How much Mica to use

For the homemaker or DIY enthusiast, you can simply eyeball how much to add to your formula. I always start with a teaspoon for a formula that yields about 8-10 oz of Body Butter, and I add more as needed

When to add Mica

Because Mica is in powder form, the best way to incorporate it in a body butter is before the whipping step. You can fold it in (hey Schitt’s Creek fans, you know that folding in the cheese scene, right?). Simply add a little at a time, fold it in gently so it doesn’t get everywhere, then decide if you need a little more to get the color or tint you want.

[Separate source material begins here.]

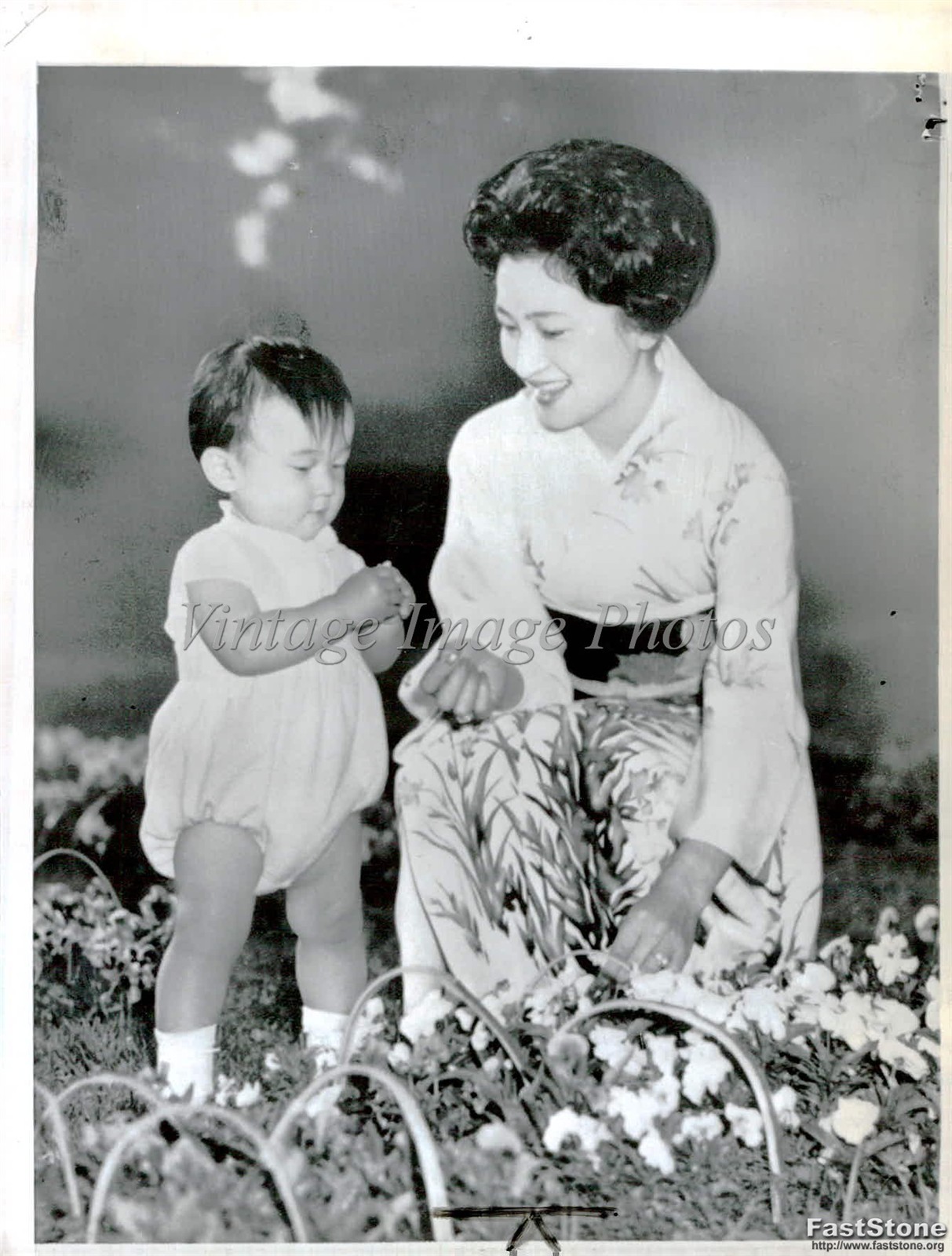 1961 Prince Hiro Child Princess Michike Akihito Japanese Press Vintage Photo 6×8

It’s fun to add a color AND also a glittery mica, gold or silver are the typical pigments that leave a subtle hue on your skin and make it glow in the sun.

2. Butters and Oils

The second 100% natural way to add a tint to your body butters is to use butters and oils that have an intrinsic shade of color. This includes:

Raw Cocoa Butter – it’s a darkish creamy color

Blue Tansy Essential Oil – this gives a blue tint

Cold Pressed Rosehip Oil – it has a nice amber or close to red color

Yellow Shea Butter – this butter contains a small percentage of a yellow African Root that gives it a yellow color. When added in a small dose, it gives your products a gold/yellow tint

There are other natural oils and butters that have a more intense color, and you are welcome to research away, but you get the idea, right?

How much to use and when to add these

These ingredients are added in at the melting step. In the recipe below I added Cocoa Butter and Rosehip Oil at the melting step in a ratio of 1:1 (1 oz of butter and 1 oz of oil), that way my butters to carrier oil ratio stayed consistent with my first recipe that has mica.

Recipes In This Article

In both recipes I used a ratio of 40% butters to 60% carrier oils. This makes a soft body butter that is easy to apply to your skin and melts on skin-contact quickly. Start with a small amount because these body butters are water-free, and this makes them very rich. I recommend using them after a shower or bath, when your skin is moist and your pores are open and receptive to more body butter absorption.

First Recipe – Coloring with Mica

4 oz Mango Butter

6 oz Apricot Oil

Mica (I used about 2 teaspoons, this can be varied based on how vibrant you want the product to be)

Optional (not shown in the video): 20-40 drops of essential oils of choice

Second Recipe – Coloring with Butters and Oils

4 oz Mango Butter

6 oz Almond Oil

1 oz Cocoa Butter

1 oz Rosehip Oil

Optional (not shown in the video): 20-40 drops of essential oils of choice

Easy Steps to Make Your Tinted Body Butters

  1. Add the Mango Butter and carrier oil of choice (apricot, almond or any other light oil) to a heat proof container, place over a pan with 1-2 inches of water, and let everything melt slowly over low heat.
  2. When the butter is completely melted, stir, remove from heat and place in the fridge for about 1 hour, or until the top and sides have solidified but the center is still soft.
  3. Optional: add any essential oils of choice
  4. Add mica for recipe #1
  5. Fold in and stir, to incorporate your colors
  6. Whip with an electric mixer at medium speed for a few minutes, making sure to scrape down the sides along the way, until you have achieved a creamy consistency
  7. Fill your jars, and voila, your amazing body moisturizer is ready to use!

Store these at room temperature in a jar with a lid or similar container. Use on your body daily for the ultimate, natural moisture and relief from any dry skin.